# MATERIAL PROVIDED:
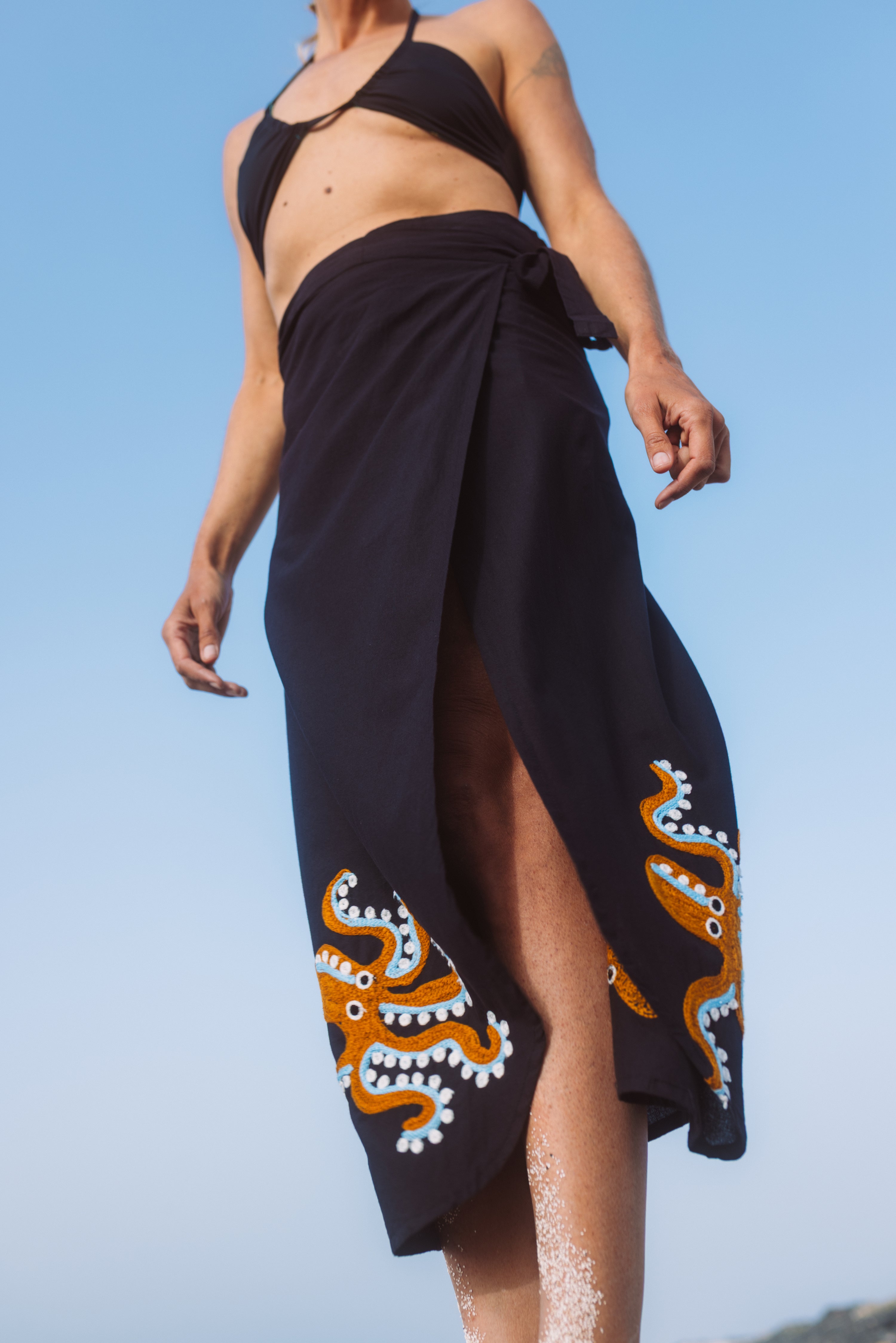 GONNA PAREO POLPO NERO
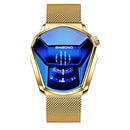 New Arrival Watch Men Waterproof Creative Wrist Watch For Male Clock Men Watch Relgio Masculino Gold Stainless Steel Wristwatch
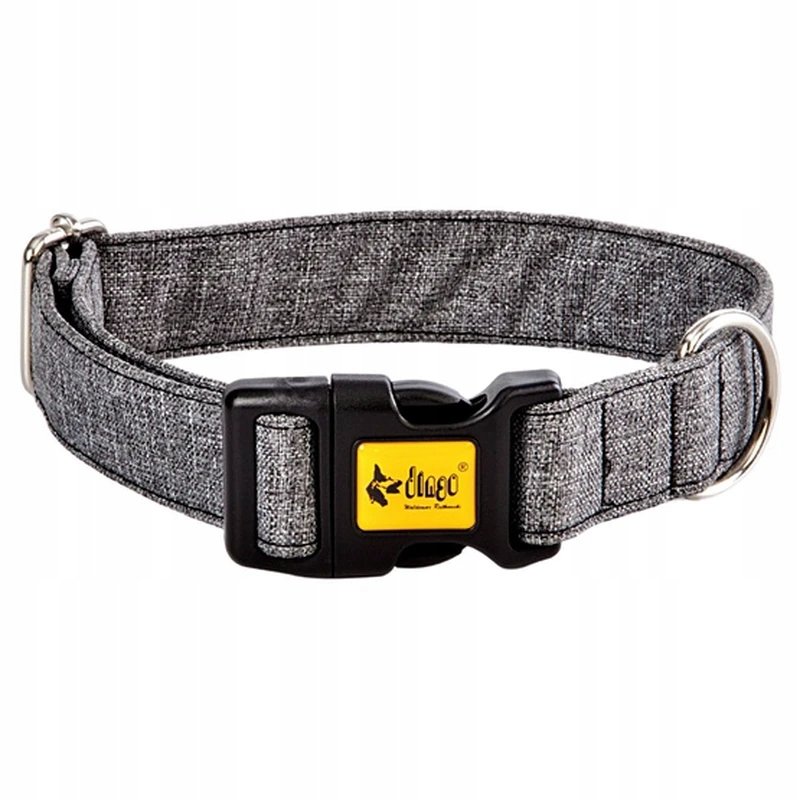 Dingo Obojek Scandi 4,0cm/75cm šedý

# ASSIGNED TASK:
Skip all pictures. Then give again, exactly, each line from the line holding "New Arrival Watch" through the last line of the listing above, both ends included.

# OUTPUT BELOW:
 New Arrival Watch Men Waterproof Creative Wrist Watch For Male Clock Men Watch Relgio Masculino Gold Stainless Steel Wristwatch
 Dingo Obojek Scandi 4,0cm/75cm šedý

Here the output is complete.